Lexicase Selection Parameter Analysis: Varying Population Size and Test Case Redundancy with Diagnostic Metrics
Jose Guadalupe Hernandez, Anil Kumar Saini, Jason H. Moore
TL;DR
The paper investigates how hidden parameters, notably population size and test-case redundancy, influence Lexicase selection under a fixed evaluation budget. It employs the DOSSIER diagnostic suite, focusing on exploitation rate and contradictory objectives diagnostics, plus a redundancy-extension, to quantify exploitation, specialist maintenance, and the impact of duplicate test cases. Key findings show that smaller populations enable faster exploitation, while larger populations preserve more specialists; redundancy often hampers specialist optimization, especially at large population sizes, revealing a nuanced budget-aware tradeoff. The work provides practical guidance for tuning Lexicase alongside budget constraints and highlights the importance of problem-specific configurations for achieving optimal performance.
Abstract
Lexicase selection is a successful parent selection method in genetic programming that has outperformed other methods across multiple benchmark suites. Unlike other selection methods that require explicit parameters to function, such as tournament size in tournament selection, lexicase selection does not. However, if evolutionary parameters like population size and number of generations affect the effectiveness of a selection method, then lexicase's performance may also be impacted by these `hidden' parameters.
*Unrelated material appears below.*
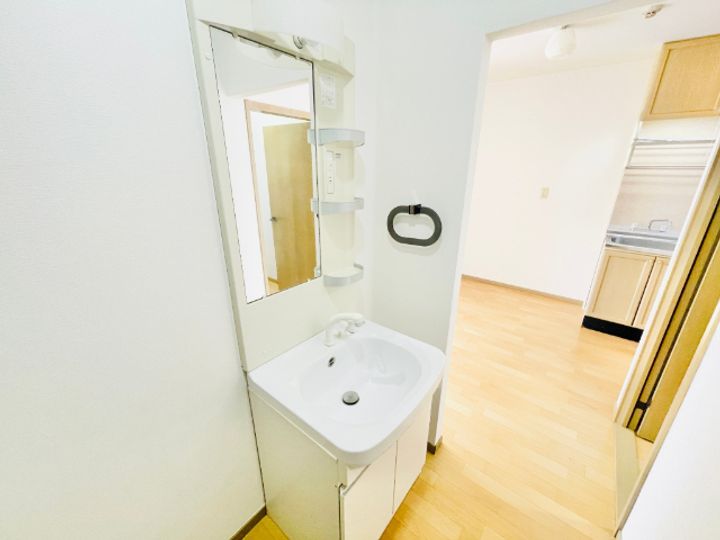 シャトルユタカの内装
Here, we study how these hidden parameters affect lexicase's ability to exploit gradients and maintain specialists using diagnostic metrics. By varying the population size with a fixed evaluation budget, we show that smaller populations tend to have greater exploitation capabilities, whereas larger populations tend to maintain more specialists. We also consider the effect redundant test cases have on specialist maintenance, and find that high redundancy may hinder the ability to optimize and maintain specialists, even for larger populations. Ultimately, we highlight that population size, evaluation budget, and test cases must be carefully considered for the characteristics of the problem being solved.